Il partito rivoluzionario e liberatore del Paese é sommerso da scandali finanziari, lotte di potere intestine, privilegi inauditi. La vecchia guardia rivoluzionaria sembra non aver migliorato le condizioni di vita della maggioranza della popolazione ma salvaguardato i privilegi della minoranza Boera mantenendo cosí inalterata l’Apartheid economica, tramite un patto informale tra Nelson Mandela e l’ultimo presidente Boero, Botha. In cambio l’ANC avrebbe ottenuto il potere e la possibilitá di creare una modesta elite nera privilegiata economicamente.
Questo perlomeno é il pensiero che circola apertamente nel Paese.

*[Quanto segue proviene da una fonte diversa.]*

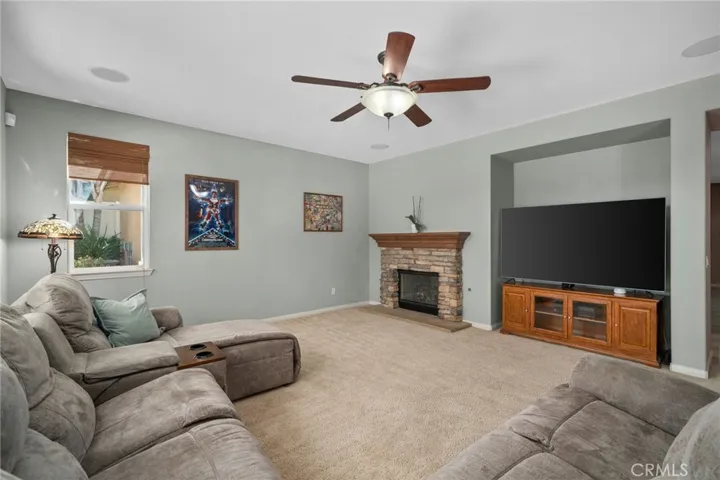 Living room with fireplace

Queste accuse sembrano non essere il frutto del rancore della popolazione nera. Troverebbero conferme ufficiali, come l’intervista fatta a Botha da ’Al-Jazeera’ nel maggio scorso dove l’ultimo Presidente Boero ha defitivo Nelson Mandela come il garante della stabilitá della Nazione salvata dai pericoli di estremismo comunista, alludendo proprio al famoso accordo tra i due leaders.
Il Ministro della Finanze Gordhan nel marzo scorso aveva avvertito la dirigenza del ANC che se le forze estremiste ed ostile all’interno del partito e del sindacato non fossero state debellate e le condizioni delle masse migliorate, la rivolta popolare che portó alla rivoluzioni nel Nord Africa dovera essere considerata come imminente in Sud Africa. Il massacro di Marikana sembra trasformare questo rischio in una seria prospettiva a medio termine con profonde conseguenze nazionali, continentali. Il Sudafrica potrebbe essere il primo membro del BRICS ad implodere a causa delle fino ad ora irrisolte disuguaglianze sociali.

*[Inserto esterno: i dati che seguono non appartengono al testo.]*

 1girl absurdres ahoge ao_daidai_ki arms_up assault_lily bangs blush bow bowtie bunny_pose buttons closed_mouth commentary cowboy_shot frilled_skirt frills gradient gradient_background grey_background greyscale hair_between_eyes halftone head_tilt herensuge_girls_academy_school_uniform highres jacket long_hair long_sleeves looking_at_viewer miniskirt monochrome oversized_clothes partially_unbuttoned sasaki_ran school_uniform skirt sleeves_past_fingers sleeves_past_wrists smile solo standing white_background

Intanto sciopero dei minatori licenziati continua, come rinvigorito da una determinazione e una rabbia raddoppiate. I caduti sono giá stati mitizzati come eroi della classe operaia Sudafricana alla stessa stregua dei martiri per la lotta contro l’Apartheid.

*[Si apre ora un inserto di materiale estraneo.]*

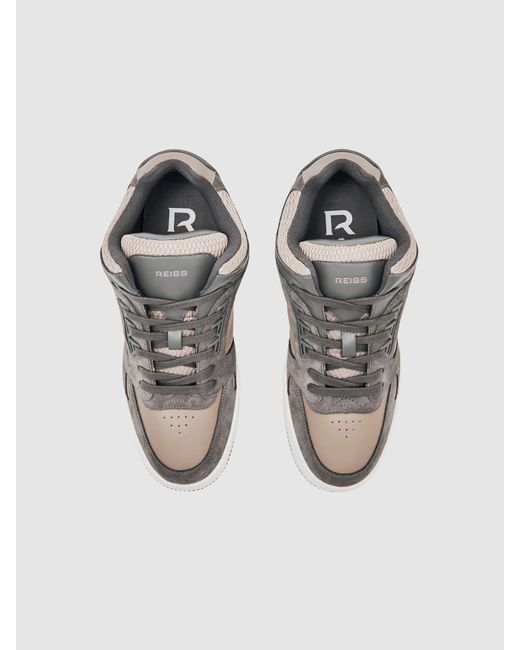 Reiss White Charcoal/Dark Anse Bonded-Leather Mid-Top Skater Trainers for men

Julious Maniema, estremamente rafforzato da questo eccidio, ha invitato il Presidente Zuma a dimettersi. Invito che sembra essere condiviso da una grande percentuale della popolazione che intende riprendere in mano le redini dell’ANC. Tra la classe operaia sudafricana si sta diffondendo la sensazione che se la dirigenza del ANC é stata costretta a ricorrere ai metodi di repressione del regime razziale contro la popolazione nera, questo evidenzia che é terrorizzata dalla possibilitá di perdere il potere ed intenzionata a mantenerlo a tutti i costi.